The consternation expressed by government sources about U.S. Secretary of State Condoleeza Rice's canceled visit (she was set to come on May 15) can mean one of two things. Either, Rice realized that the proposed list of benchmarks for the PA and Israel are completely unrealistic, and that there is therefore nothing to talk about; or, this is a no-confidence vote in the Olmert government.

Wednesday, March 14, 2007

Talking to Syria

Sunset in the north (January 2006)

One of the obstacles to negotiations with Syria frequently cited by Israeli Prime Minister Ehud Olmert is American opposition to talks with Assad. Olmert did not conjure these objections out of thin air. But it is fairly obvious that invoking American opposition as the determining factor in Israel's decision not to engage the Syrians was a convenient charade (perhaps for both parties). Now, the Americans are sending signals that the Israelis are going to have to supply their own alibi.

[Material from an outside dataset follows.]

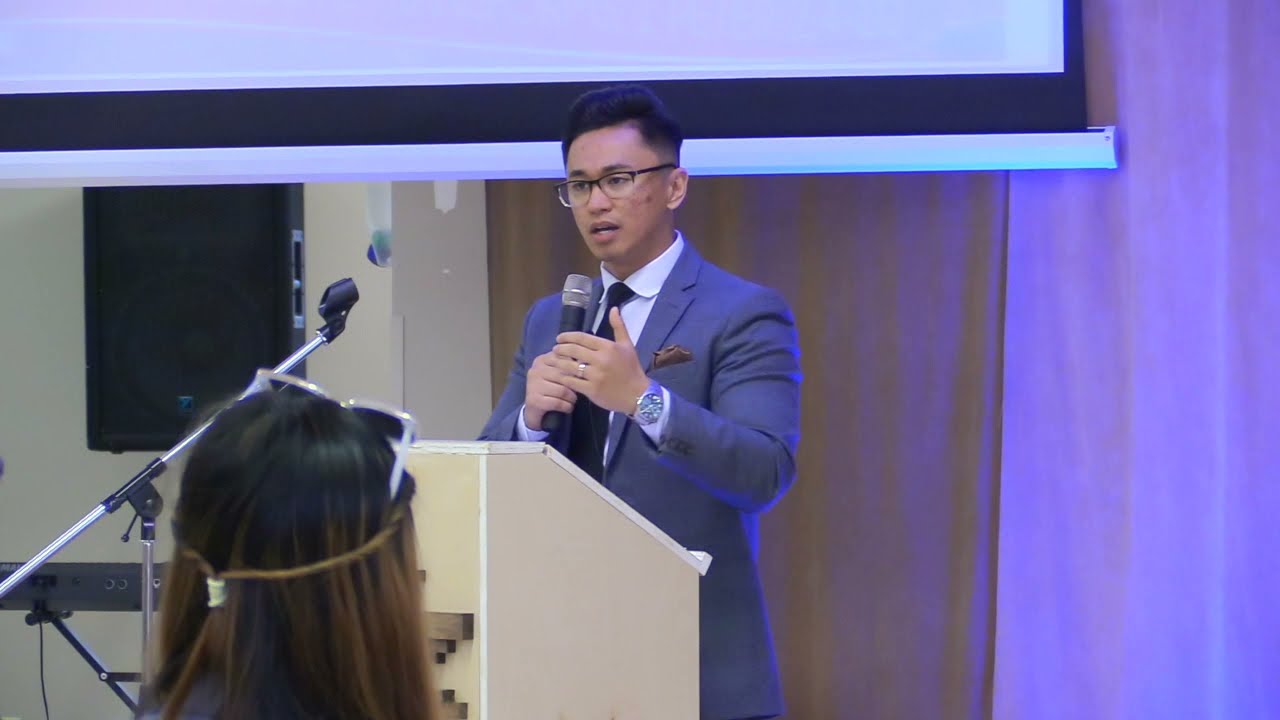 PARTNERSHIP IN THE GOSPEL (PHILIPPIANS 1:1-6) TAGALOG/ENGLISH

At a closed meeting with academics at Hebrew University on Monday, U.S. Ambassador Richard Jones said that the U.S. is not blocking Israel from conducting talks with Syria. Asked to comment on Ambassador Jones's statement, the deputy press attache of the U.S. embassy in Tel Aviv, Geoffrey Anisman, told Ha'aretz that
we are unaware that any U.S. official has ever expressed an opinion on what Israel should or should not do with regard to Syria.
It is hard not to chuckle at this pithy response; the Anismanian delivery came through even in print.

I had the pleasure of meeting Anisman last summer in Tel Aviv, and he stuck out as one of the young, bright stars in the American diplomatic corps. He also has a great sense of humor, no doubt acquired after years of watching Mel Brooks and Woody Allen films and absorbing Yiddish witticisms told by Anisman Senior.

In all seriousness, the writing is definitely on the wall. Those voices from the State Department long clamoring for a kind of diplomacy that consists of more than threats and refusals to talk to certain states must be feeling emboldened. The turning point was certainly the agreement with North Korea, which, strange as it may seem, could even earn Bush a Nobel Peace Prize. Bitterly opposed by John Bolton, the North Korea deal basically marked a return to the Korea policy of Bill Clinton. America's quiet backing of the Saudi peace initiative, and the March 10 meeting with Iranian and Syrian diplomats in Baghdad are further evidence of a shift in policy.

There are of course valid grounds on which one might continue to object to dialogue with Syria, as our Lebanese friends do not tire of pointing out. I have to confess that I am still sympathetic to some of their warnings. For one, I do not know how long the Assads will stay in power, and what might happen to a peace agreement once they fall. Secondly, I worry about the effects that bolstering the Syrians now will have on Lebanon's future.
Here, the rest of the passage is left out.